Exercise directions :: In the records below, tally every line containing "Blue". Report only the total.
::::
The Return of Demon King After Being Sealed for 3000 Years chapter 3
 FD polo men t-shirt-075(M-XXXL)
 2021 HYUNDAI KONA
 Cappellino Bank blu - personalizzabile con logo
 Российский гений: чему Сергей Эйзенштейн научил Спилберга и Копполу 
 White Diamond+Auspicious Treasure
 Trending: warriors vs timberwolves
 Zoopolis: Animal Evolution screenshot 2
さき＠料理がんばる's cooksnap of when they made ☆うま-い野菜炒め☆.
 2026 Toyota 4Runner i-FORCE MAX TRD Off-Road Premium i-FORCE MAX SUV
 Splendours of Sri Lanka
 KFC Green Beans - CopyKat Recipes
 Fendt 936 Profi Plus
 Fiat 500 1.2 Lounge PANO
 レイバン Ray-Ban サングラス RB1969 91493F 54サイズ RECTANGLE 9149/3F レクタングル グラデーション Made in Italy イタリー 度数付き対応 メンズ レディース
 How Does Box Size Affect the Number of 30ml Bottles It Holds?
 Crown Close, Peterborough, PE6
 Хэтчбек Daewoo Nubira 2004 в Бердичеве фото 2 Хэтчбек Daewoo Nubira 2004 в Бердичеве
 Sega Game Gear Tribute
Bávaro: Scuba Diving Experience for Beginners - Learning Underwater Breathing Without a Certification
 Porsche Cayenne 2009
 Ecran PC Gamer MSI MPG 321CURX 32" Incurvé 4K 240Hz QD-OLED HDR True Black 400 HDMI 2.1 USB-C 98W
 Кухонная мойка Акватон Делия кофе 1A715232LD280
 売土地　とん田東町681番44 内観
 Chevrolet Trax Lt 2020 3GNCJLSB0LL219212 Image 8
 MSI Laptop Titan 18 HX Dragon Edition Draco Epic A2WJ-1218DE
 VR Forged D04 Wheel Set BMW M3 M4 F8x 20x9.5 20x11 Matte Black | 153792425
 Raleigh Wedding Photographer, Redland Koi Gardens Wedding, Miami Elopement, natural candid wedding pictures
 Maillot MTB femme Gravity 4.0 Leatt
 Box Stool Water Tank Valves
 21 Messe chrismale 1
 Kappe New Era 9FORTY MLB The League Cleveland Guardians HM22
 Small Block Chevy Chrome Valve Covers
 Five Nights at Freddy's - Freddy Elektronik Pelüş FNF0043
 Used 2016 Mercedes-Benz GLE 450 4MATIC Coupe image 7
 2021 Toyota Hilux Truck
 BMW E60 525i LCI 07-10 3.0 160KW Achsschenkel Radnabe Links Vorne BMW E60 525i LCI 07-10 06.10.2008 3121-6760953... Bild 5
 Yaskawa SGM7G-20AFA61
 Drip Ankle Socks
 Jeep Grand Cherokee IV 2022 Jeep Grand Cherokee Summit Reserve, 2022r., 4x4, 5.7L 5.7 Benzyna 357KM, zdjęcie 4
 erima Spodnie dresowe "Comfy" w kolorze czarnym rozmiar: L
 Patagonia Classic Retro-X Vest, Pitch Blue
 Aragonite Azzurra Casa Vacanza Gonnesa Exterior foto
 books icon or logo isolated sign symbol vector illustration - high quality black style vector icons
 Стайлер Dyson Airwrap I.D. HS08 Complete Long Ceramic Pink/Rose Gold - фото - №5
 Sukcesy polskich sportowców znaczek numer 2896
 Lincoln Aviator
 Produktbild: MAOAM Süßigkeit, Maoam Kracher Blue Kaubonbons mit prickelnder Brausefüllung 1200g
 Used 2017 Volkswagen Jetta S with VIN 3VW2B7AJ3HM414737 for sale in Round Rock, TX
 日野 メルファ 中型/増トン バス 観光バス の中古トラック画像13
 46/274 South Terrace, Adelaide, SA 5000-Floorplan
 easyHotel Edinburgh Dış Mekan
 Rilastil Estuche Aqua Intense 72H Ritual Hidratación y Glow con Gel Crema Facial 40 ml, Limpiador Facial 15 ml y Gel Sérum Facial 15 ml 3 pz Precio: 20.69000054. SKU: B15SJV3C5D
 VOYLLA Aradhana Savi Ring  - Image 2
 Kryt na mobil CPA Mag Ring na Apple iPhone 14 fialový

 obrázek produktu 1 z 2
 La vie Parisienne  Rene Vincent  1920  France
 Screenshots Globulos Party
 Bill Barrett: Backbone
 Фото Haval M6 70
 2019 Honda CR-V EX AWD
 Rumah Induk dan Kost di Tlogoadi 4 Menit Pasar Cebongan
::::
Task solution :: 2